I’m also intrigued by this Conv1D implementation. Just out of curiosity, I decided to check if the performance is different in the versions provided by @j3m and see if there were some differences. So, I just added the nn.Linear to the mix:

from transformers.pytorch_utils import Conv1D
import torch
import torch.nn.functional as F

in_features = 4
out_features = 8
batch_shape = (1, 12, 64)

conv = Conv1D(out_features, in_features)
W = torch.rand(conv.weight.shape, dtype=torch.float32)
b = torch.rand(conv.bias.shape, dtype=torch.float32)
conv.weight.data = W
conv.bias.data = b

x = torch.rand(*batch_shape, in_features, dtype=torch.float32)

y_torch = F.linear(x, W.T, b)
y_hf = conv(x)

assert torch.allclose(y_hf, y_torch)


linear = nn.Linear(in_features, out_features)
linear.weight.data = W.T
linear.bias.data = b

y_linear = linear(x) 

assert torch.allclose(y_linear, y_torch), "nn.Linear and F.linear outputs differ"

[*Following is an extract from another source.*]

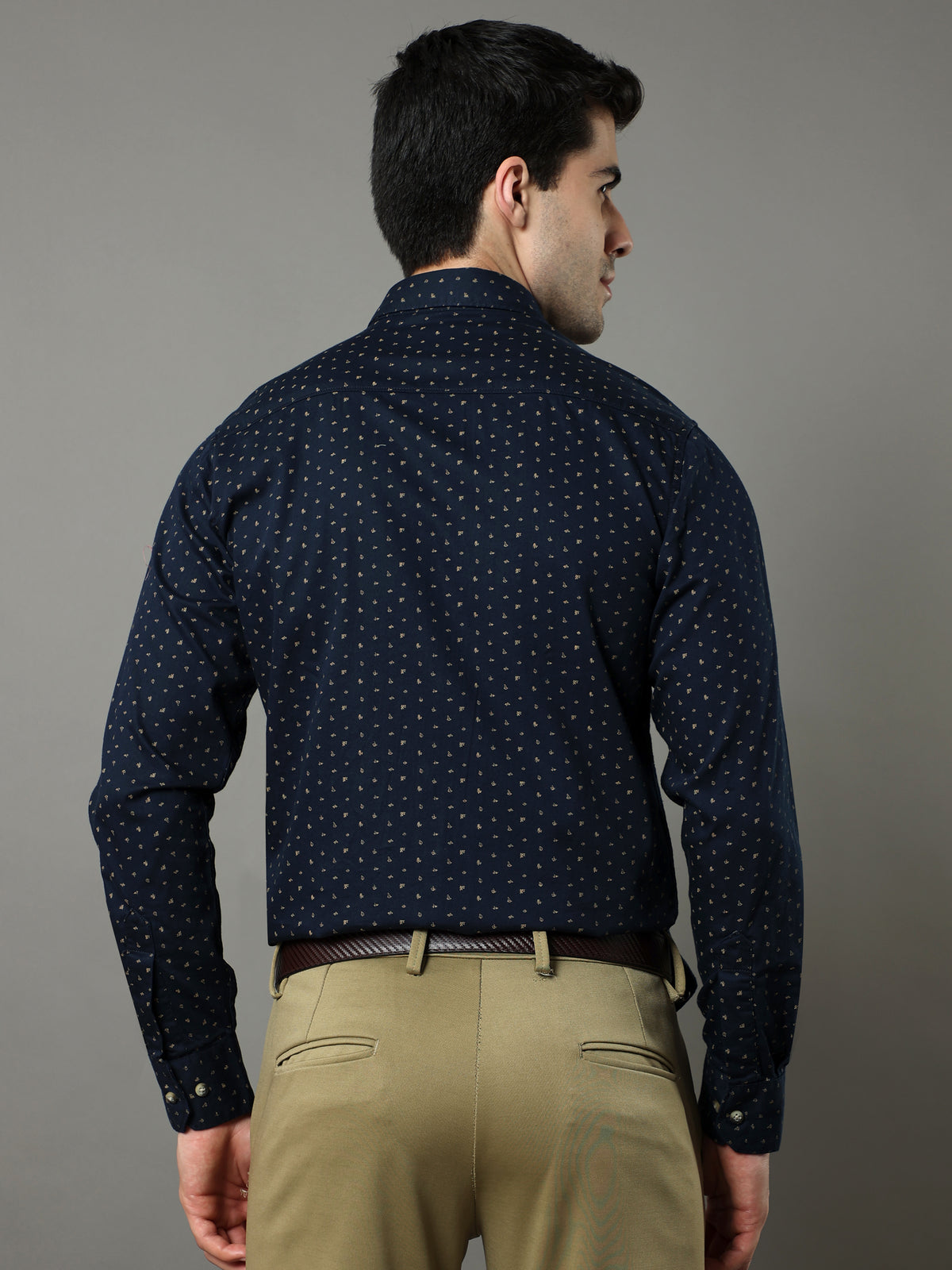 Shop Men's Navy Slim Fit Cotton Casual Printed Shirt Online.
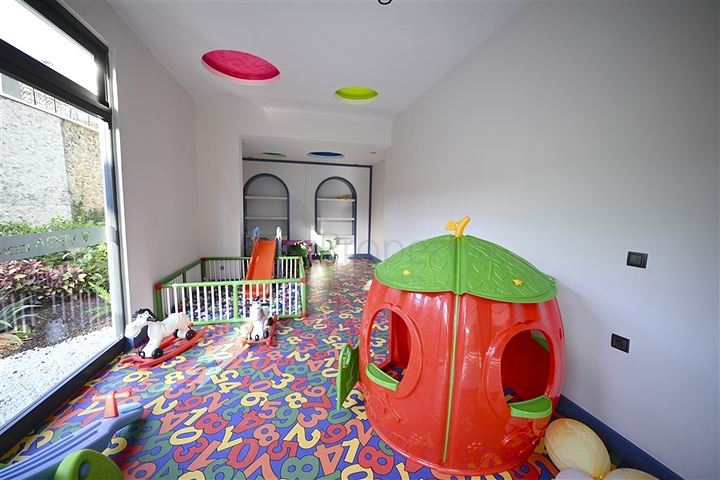 شقق 1+1 في مجمع قيد الإنشاء في منطقة أوبا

And timeit the three of them, all tests done in a HGX H100 single GPU, Python 3.10 Pytorch 2.2.2:

First for CPU:

#... Same code as original question=
W = W.T
#--------
%%timeit -n 1000
# Linear transformation using torch.nn.functional.linear
x_random = torch.rand(*batch_shape, 5, in_features, dtype=torch.float32)
y_torch = F.linear(x_random, W, b)
>>> 108 µs ± 661 ns per loop (mean ± std. dev. of 7 runs, 1,000 loops each)

#---------
%%timeit -n 1000
# Convolution transformation using transformers Conv1D
x_random = torch.rand(*batch_shape, 5, in_features, dtype=torch.float32)
y_hf = conv(x_random)
>>> 115 µs ± 1.02 µs per loop (mean ± std. dev. of 7 runs, 1,000 loops each)

#---------
%%timeit -n 1000
# Linear transformation using torch.nn.Linear
x_random = torch.rand(*batch_shape, 5, in_features, dtype=torch.float32)

y_torch = linear(x_random)
>>> 114 µs ± 1.38 µs per loop (mean ± std. dev. of 7 runs, 1,000 loops each)

Then for GPU:

#... Same code as original question=

# Ensure the tensors and model are on GPU
x_gpu = x.cuda()
W_gpu = W.T.cuda()
b_gpu = b.cuda()
#---------
%%timeit -n 1000
x_random = torch.rand(*batch_shape, 5, in_features, dtype=torch.float32, device='cuda')
# Linear transformation using torch.nn.functional.linear on GPU
y_torch_gpu = F.linear(x_random, W_gpu, b_gpu)
>>>22.4 µs ± 956 ns per loop (mean ± std. dev. of 7 runs, 1,000 loops each)

#---------
conv.cuda()
#---------
%%timeit -n 1000 
# Generate random input on each iteration
x_random = torch.rand(*batch_shape, 5, in_features, dtype=torch.float32, device='cuda')
# Convolution transformation using transformers Conv1D on GPU
y_hf_gpu = conv(x_random)
>>> 27.7 µs ± 651 ns per loop (mean ± std. dev. of 7 runs, 1,000 loops each)

#--------
linear.cuda()
#---------
%%timeit -n 1000
# Linear transformation using torch.nn.Linear
x_random = torch.rand(*batch_shape, 5, in_features, dtype=torch.float32, device='cuda')

y_torch = linear(x_random)
>>> 27.8 µs ± 943 ns per loop (mean ± std. dev. of 7 runs, 1,000 loops each)

So, identical performance for Conv1D and nn.Linear, F.linear is faster as expected.

I also checked GPU ram used, restarting the kernel each time, and taking measurements just at the start and end of the %%timeit cell with:

# Get the amount of GPU memory that is currently allocated by PyTorch.
memory_allocated = torch.cuda.memory_allocated()
# Print the amount of memory in megabytes.
print(memory_allocated / 1024)
# Get the amount of GPU memory that is currently reserved by PyTorch.
memory_reserved = torch.cuda.memory_reserved()
# Print the amount of memory in megabytes.
print(memory_reserved / 1024)

And in both Conv1d and nn.Linear cases, the usage was identical to the Byte (Allocated/Reserved): 32769.0MB/34816.0MB and 32769.0MB/34816.0MB

Anyway, I was just curious, hope it helps someone and someone else can provide more details about this answering @j3m questions.